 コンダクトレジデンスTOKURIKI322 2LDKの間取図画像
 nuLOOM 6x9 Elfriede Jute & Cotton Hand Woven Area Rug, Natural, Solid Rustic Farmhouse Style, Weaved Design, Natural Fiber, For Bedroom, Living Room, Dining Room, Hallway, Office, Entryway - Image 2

* * *

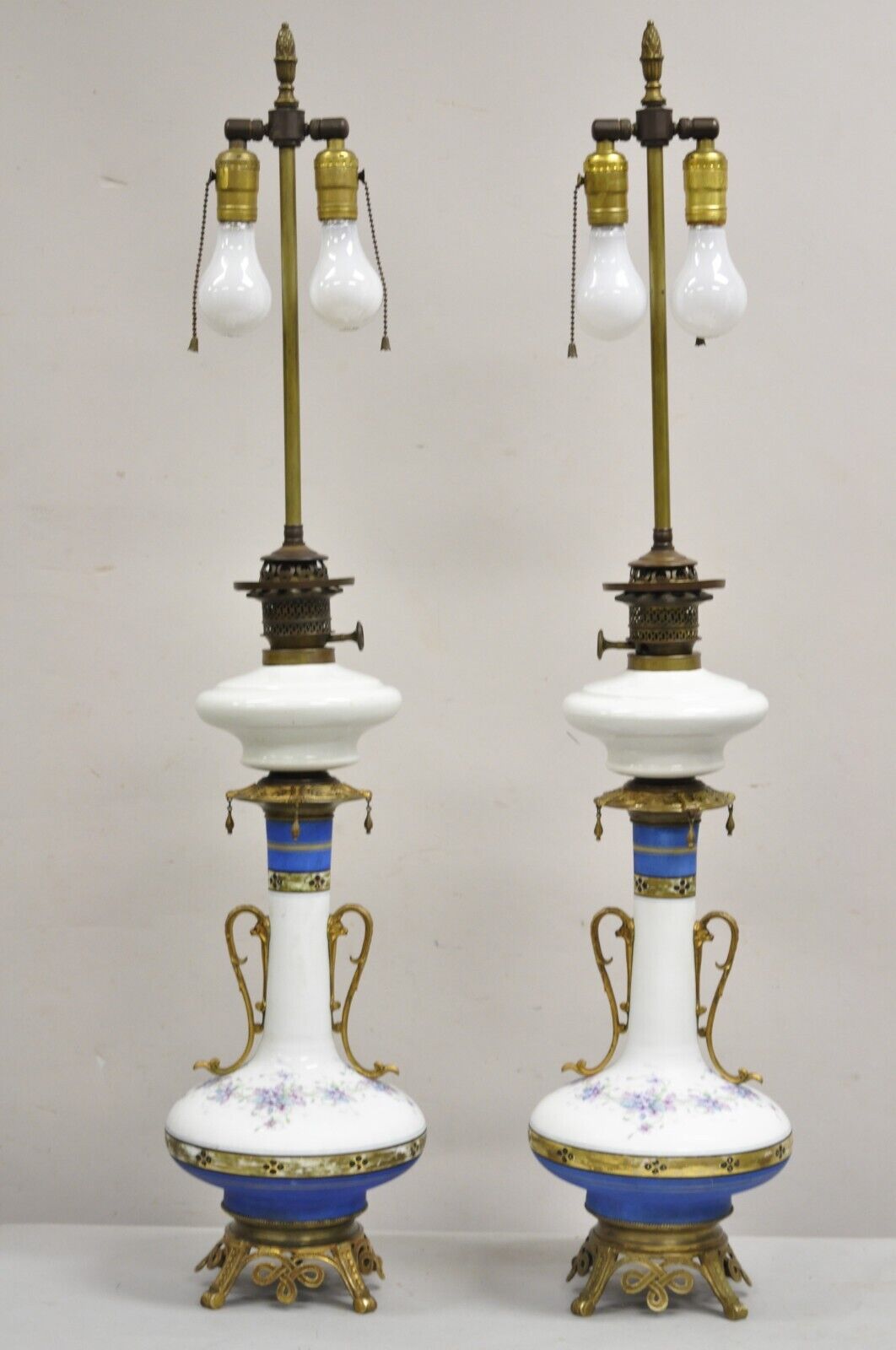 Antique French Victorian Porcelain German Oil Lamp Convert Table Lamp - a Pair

* * *

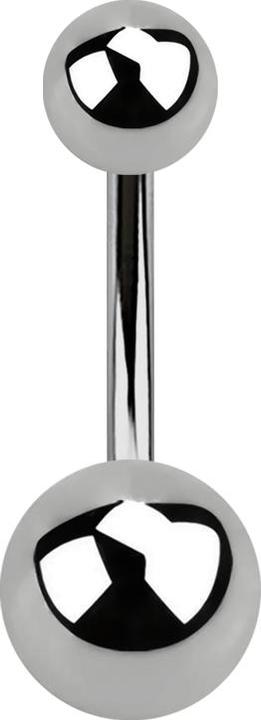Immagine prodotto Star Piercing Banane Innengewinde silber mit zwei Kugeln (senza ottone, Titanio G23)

WHAT THE TASK ASKS:
Given the records above, return exactly the lines starting at the line containing "コンダクトレジデンスTOKURIKI322 2LDKの間取図画像" and ending at the line containing "nuLOOM 6x9 Elfriede", including both.

WRITTEN SOLUTION:
 コンダクトレジデンスTOKURIKI322 2LDKの間取図画像
 nuLOOM 6x9 Elfriede Jute & Cotton Hand Woven Area Rug, Natural, Solid Rustic Farmhouse Style, Weaved Design, Natural Fiber, For Bedroom, Living Room, Dining Room, Hallway, Office, Entryway - Image 2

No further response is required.